How do I match lomb-scargle and FFT plots of same dataset?

Question

I am doing some work, comparing the interpolated fft of the concentrations of some gases over a period, of which is unevenly sampled, with the lomb-scargle periodogram of the same data. I am using scipy's fft function to calculate the fourier transform and then squaring the modulus of this to give what I believe to be the power spectral density, in units of parts per billion(ppb) squared.

I can get the lomb-scargle plot to match almost the exact pattern as the FFT but never the same scale of magnitude, the FFT power spectral density always is higher, even though I thought the lomb-scargle power was power spectral density. Now the lomb code I am using:http://www.astropython.org/snippet/2010/9/Fast-Lomb-Scargle-algorithm, normalises the dataset taking away the average and dividing by 2 times the variance from the data, therefore I have normalised the FFT data in the same manner, but still the magnitudes do not match.

Therefore I did some more research and found that the normalised lomb-scargle power could unitless and therefore I cannot the plots match. This leads me to the 2 questions:

1. What units (if any) are the power spectral density of a normalised lim-scargle perioogram in?

2. How would I proceed to match my fft plot with my lomb-scargle plot, in terms of magnitude and pattern?

Thank you.

Answer 1

The squared modulus of the Fourier transform of a series is defined as the energy spectral density (ESD). You need to divide the ESD by the length of the series to convert to an estimate of power spectral density (PSD).

Units

The units of a PSD are [units]**2/[frequency] where [units] represents the units of your original series.

Normalization

To check for proper normalization, one can numerically integrate the PSD of a white noise (with known variance). If the integrated spectrum equals the variance of the series, the normalization is correct. A factor of 2 (too low) is not incorrect, though, and may indicate the PSD is normalized to be double-sided; in that case, just multiply by 2 and you have a properly normalized, single-sided PSD.

Using numpy, the randn function generates pseudo-random numbers that are Gaussian distributed.
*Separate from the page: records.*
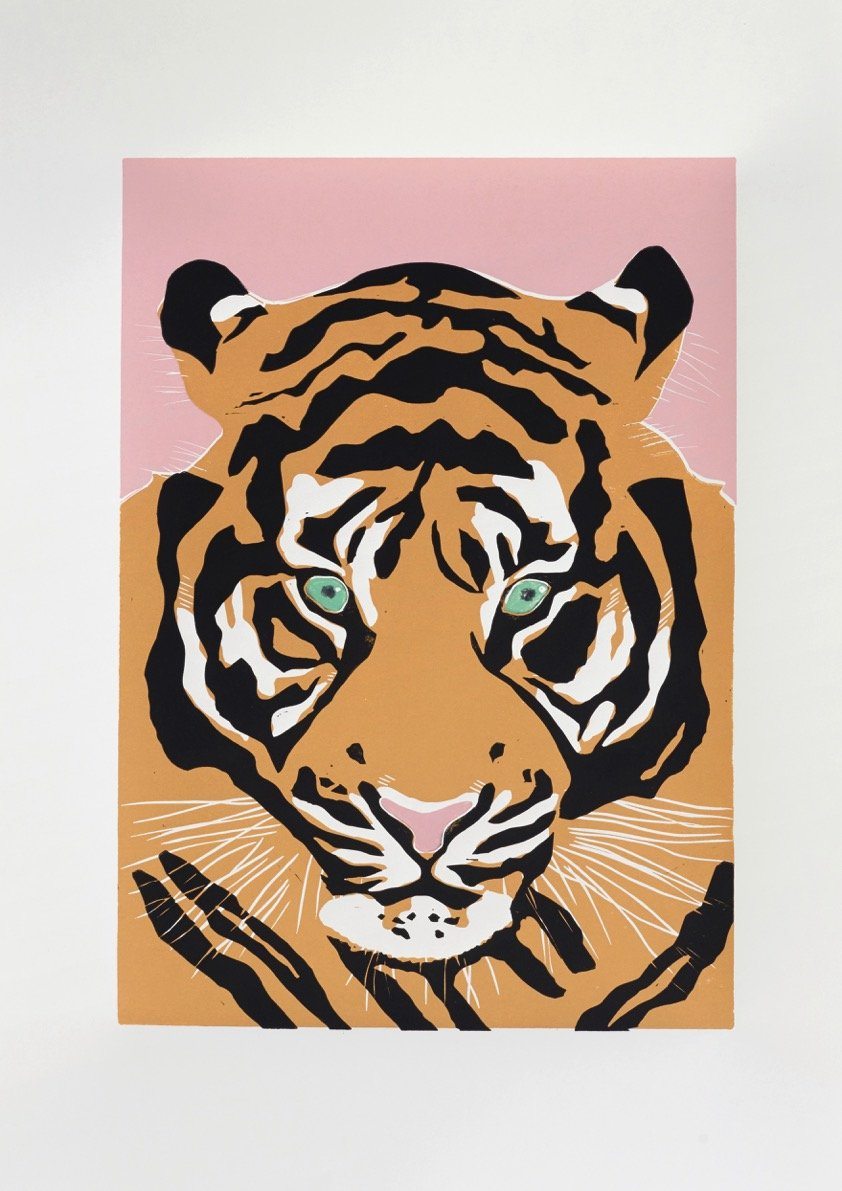 Linostudio Print ,Rocco the Tiger' - Zirkuss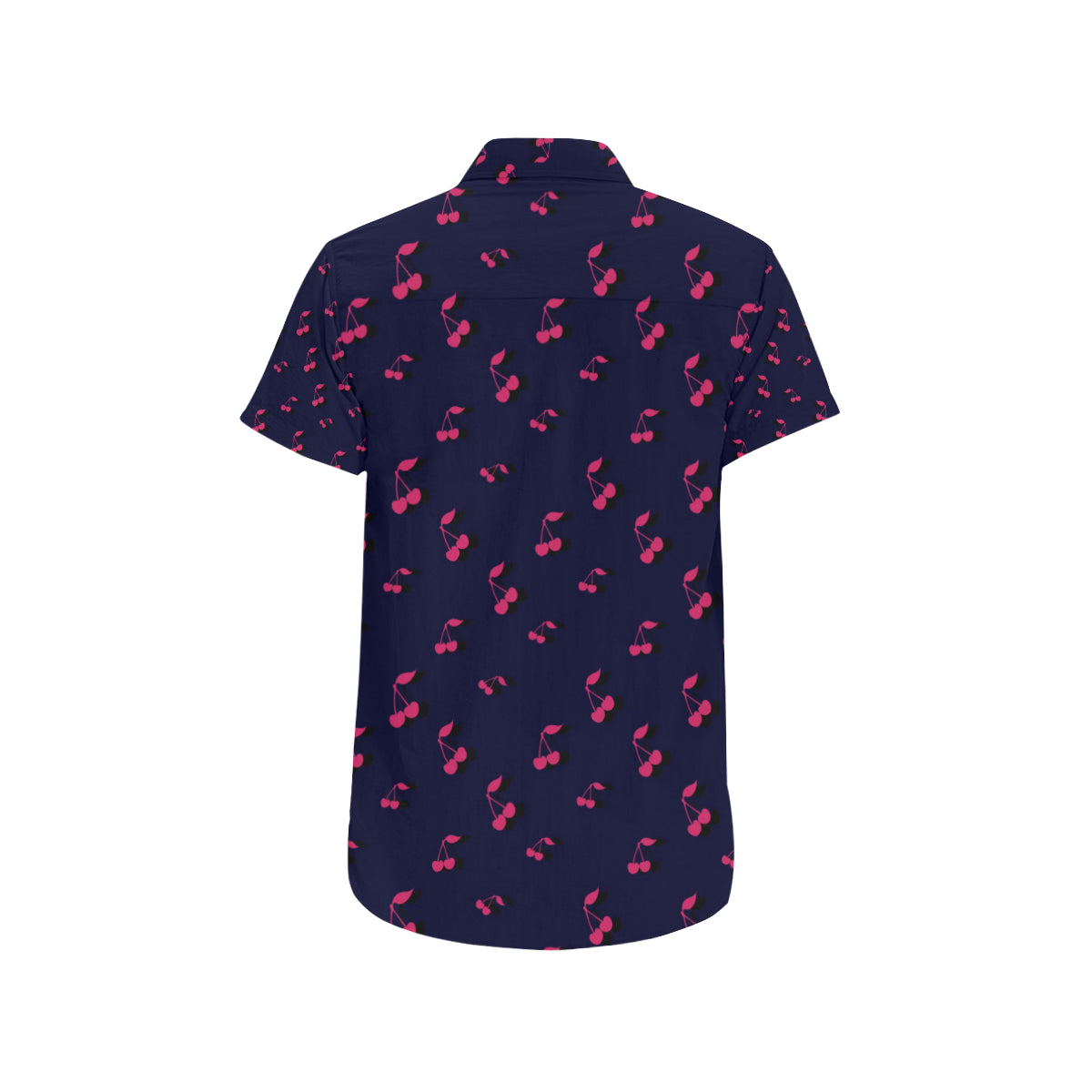 Cherry Pattern Print Design 02 Men's Short Sleeve Button Up Shirt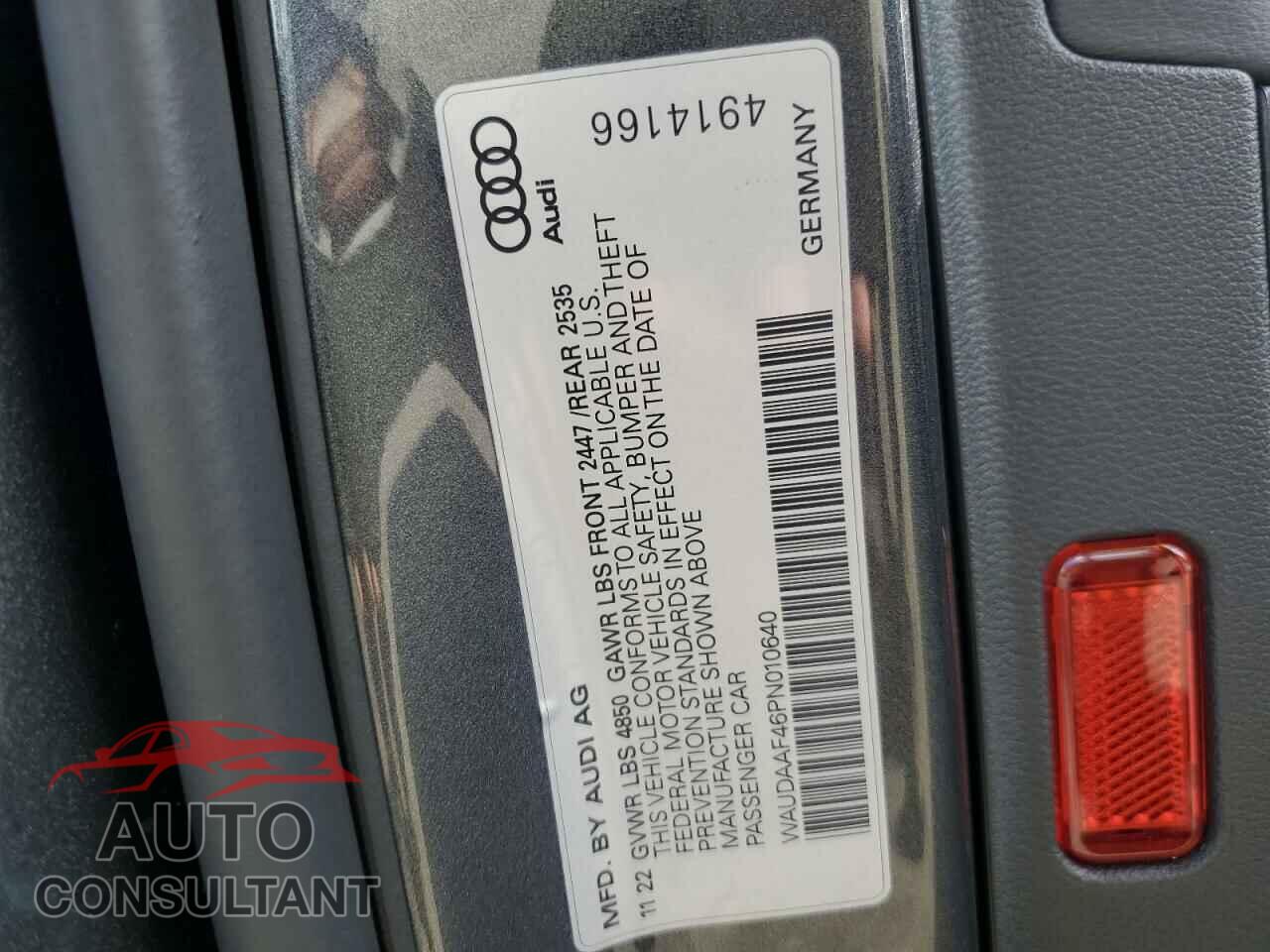 AUDI A4 2023 - WAUDAAF46PN010640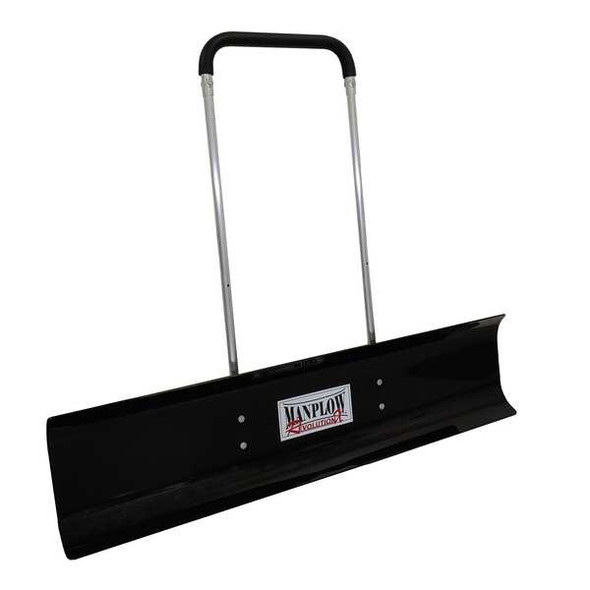 Manplow Snow Pusher, 60 in W x Plastic Blade, 50 in L Aluminum Handle RevX60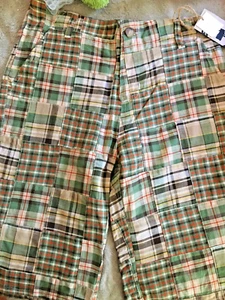 BS1--GRAPHITE VINTAGE green/orange plaid shorts BOYS 16  NEW - Picture 1 of 2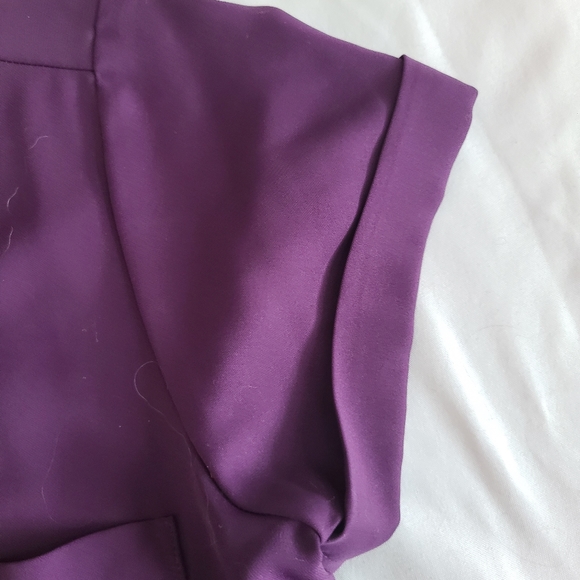 Simply Vera Wang Purple Blouse - Picture 5 of 9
For example

10 * np.random.randn(1, 100)

produces a 1-by-100 array with mean=0 and variance=100. If the sampling frequency is, say, 1-Hz, the single-sided PSD will theoretically be flat at 200 units**2/Hz, from [0,0.5] Hz; the integrated spectrum would thus be 10, equaling the variance of the series.

Update

I modified the example included in the python code you linked to demonstrate the normalization for a normally distributed series of length 20, with variance 1, and sampling frequency 10:

import numpy
import lomb
numpy.random.seed(999)
nd = 20
fs = 10
x = numpy.arange(nd)
y = numpy.random.randn(nd)
fx, fy, nout, jmax, prob = lomb.fasper(x, y, 1., fs)
fNy = fx[-1]
fy = fy/fs
Si = numpy.mean(fy)*fNy
print fNy, Si, Si*2

This gives, for me:

5.26315789474 0.482185882163 0.964371764327

which shows you a few things:

1. The "Nyquist" frequency asked for is actually the sampling frequency.
2. The result needs to be divided by the sampling frequency.
3. The output is normalized for a double-sided PSD, so multiplying by 2 makes the integrated spectrum nearly 1.

Answer 2

In the time since this question was asked and answered, the AstroPy project has gained a Lomb-Scargle method, and this question is addressed in the documentation: http://docs.astropy.org/en/stable/stats/lombscargle.html#psd-normalization-unnormalized

In brief, you can compute a Fourier periodogram and compare it to the astropy Lomb-Scargle periodogram as follows

import numpy as np
from astropy.stats import LombScargle

def fourier_periodogram(t, y):
    N = len(t)
    frequency = np.fft.fftfreq(N, t[1] - t[0])
    y_fft = np.fft.fft(y)
    positive = (frequency > 0)
    return frequency[positive], (1. / N) * abs(y_fft[positive]) ** 2

t = np.arange(100)
y = np.random.randn(100)
frequency, PSD_fourier = fourier_periodogram(t, y)
PSD_LS = LombScargle(t, y).power(frequency, normalization='psd')

np.allclose(PSD_fourier, PSD_LS)
# True

Since AstroPy is a common tool used in astronomy, I thought this might be more useful than an answer based on the code snippet mentioned above.